On 4/26/12 1:24 PM, Hal Murray wrote:

[email protected] said:
2) The IDE is written in Java and is portable.  It is truly identical on all
platforms.  Yes it uses gcc but the end user never has to deal with gcc or
even know what gcc is.  Same with saving your code, hit just puts it "some
place" and keeps track of it

Do I have to use their particular style/GUI?  Or can I drive it from make,
mixing in pieces I like?

How is the documentation on the tool chain and libraries?  Are their good man
pages?





The Arduino IDE is NOT make compatible, as far as I know..

The documentation is mostly wiki-like, as well as several books out there. Lots of online forums

It's not like a gcc toolchain where you have a separate compiler, linker, binhex, etc and utilities..

It's an *integrated* development environment.

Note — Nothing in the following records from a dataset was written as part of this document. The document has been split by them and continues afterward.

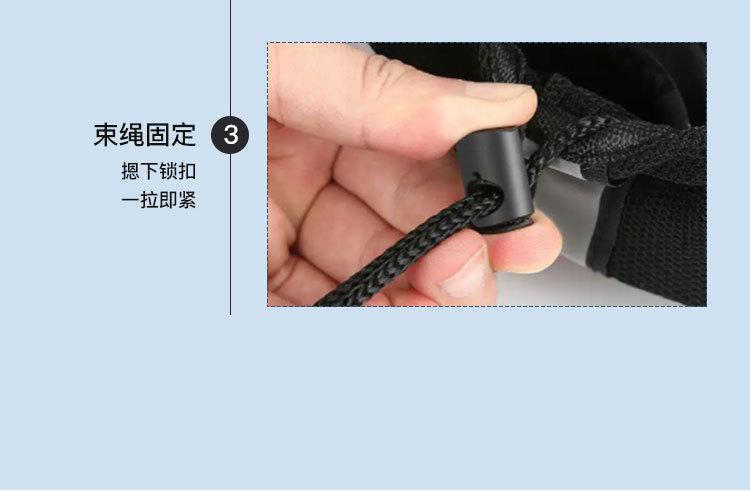 详情_10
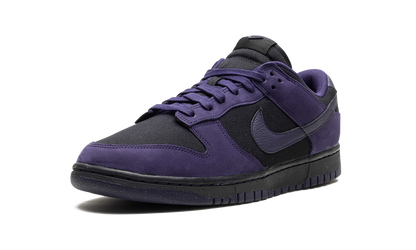 DUNK LO LX WMNS"Purple Ink" FB7720 001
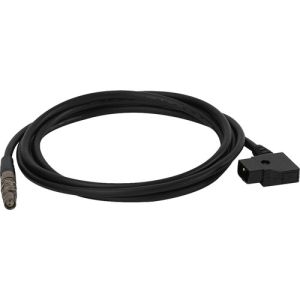 RED PTAP-TO-POWER CABLE 6'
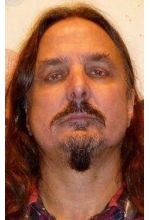 Thomas R. Peters Jr.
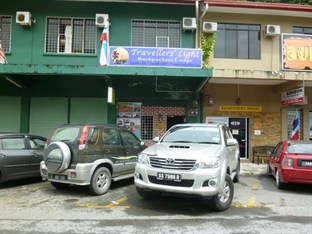 Agoda.com Malaysia Apartments & Hotels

If you want a free Java based cross platform IDE that is compatible with make and extensible, etc. look at Eclipse. It's what I use at work for (mostly) C development on Windows, Linux, and RTEMS targets (using cross compilers). It's VERY cool, there's tons of documentation, there's tons of useful plugins for lots of languages and capabilities (cvs, svn, git, etc.)

What's nice is that the UI is really the same between my mac laptop, my windows desktop machine, and the linux boxes down in the lab (although, I confess that recently, I've been doing more "ssh -X labmachine", because it's hooked up to the target).